The Whoopi Goldberg Poise Ad: Huh?

I don’t remember a lot of ads from Sunday’s Academy Awards Ceremony.

But I do remember this ad for Poise with Whoopi Goldberg. But I’m not sure if that’s a good or a bad thing.


I keep thinking about this ad, and I can’t decide if it’s brilliant or ridiculous.

On the positive side, it definitely takes a unique approach to a somewht taboo subject (female incontinence) and attempts to bring it out into the open and a very public forum- using very public women.

Whether Whoopi’s humor works (fake French accent and all) is another story. I think she’s a polarizing celebrity. You either love her or hate her. I’ve never been a huge fan.

But I think what keeps me pondering this commercial, is I don’t really understand the strategy.


So if Joan of Arc,  Cleopatra, Lady Godiva  etc. had been able to use Poise, they wouldn’t have had to worry about leakage, and they could have accomplished more?

Huh?

There are so many characters in this spot and so many of them don’t make sense.

Assuming Joan and Lady G could have been even more effective with Poise (which I think is already asking a lot of some pretty incredible historical women) this metaphor completely falls apart for me when you bring in the Statue of Liberty and the Princess and the Pea.

What am I missing here? I just don’t get it.

But I am talking about it. Maybe that was the whole point.

Is that enough?

In these days of everybody has an opinion (and a blog) is all chatter, good chatter?

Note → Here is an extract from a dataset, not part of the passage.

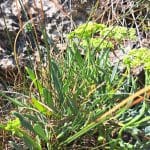 Dalmatinska rastlina, motar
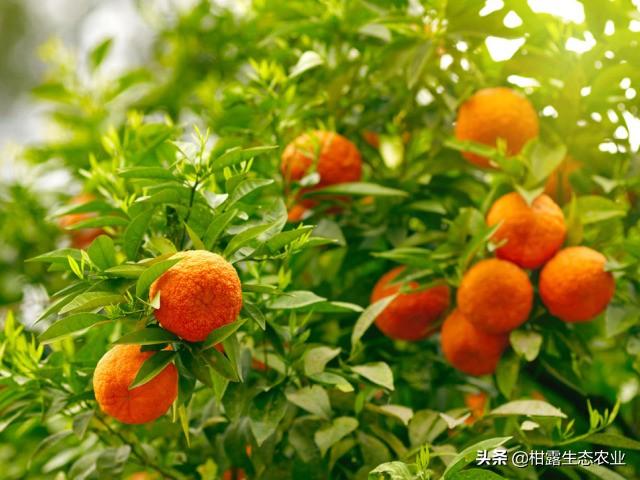 种柑橘，如何做到合理控制成本？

That’s my point of view. What’s your twist?

What do you think of this Poise ad?

7 thoughts on “The Whoopi Goldberg Poise Ad: Huh?

  1. I thought it was kind of funny/silly, but found it interesting that 2 of the people with whom I was watching the Oscars thought it was part of the show and that Whoopie was reprising some of her “characters” from previous hosting gigs. Then they didn’t understand why there was no Billy Crystal, etc. Obviously they weren’t paying very close attention, but isn’t that what we all do these days anyway? Seems like you had to really focus on it to even grasp what it was about. Maybe too many characters … comedy too broad … or something. Still, I thought it was pretty cool to have a well known celebrity talking about something that many “older” women do deal with but never gets discussed publicly. (Except among my mother’s friends.)

    1. @Shelley thanks for the comment. I’m now picturing Billy Crystal in the ad and in a strange way that actually makes more sense to me 🙂 I guess it does highlight that you have to either really, really hold people’s attention or be super overt about what you are saying because I do think many of us watch TV and commercials with our brains only half on.

  2. Oh come on now people! It might be a “taboo” subject but it is just too funny the way Whoopi does it!

    1. @Scott, since you got a kick out of it, you should check out the whole series of them on YouTube. I actually think they make more sense and are maybe even a bit funnier when she concentrates on one character at a time. Thanks for the comment.

  3. This campaign is brilliant because Whoopi took a taboo subject that women never talk about — in fact don’t even have a word to describe — and called it “spritz.” By taking a lighthearted approach to a terribly shameful condition, women may feel more “normal” about having it (one in three women do) and no longer endure the embarrassment of wetting their pants.

    Fair balance: I work for one of the agencies involved in the campaign. But this is my personal POV.

  4. i like it. As debra says, it takes a lighthearted approach to a shameful, and actually common situation, and one that will only have an increased audience with aging boomers. I think the strategy of the campaign is to show that it happens to the “every-women”. that even cleo and a princess spritz…so, hey, they can admit it so don’t feel so bad about it. I also assume that they are trying to get women comfortable enough to talk about it so they aren’t as embarressed to buy it at the drugstore. so, if we make it commonplace no one will think anything about going out and buying it.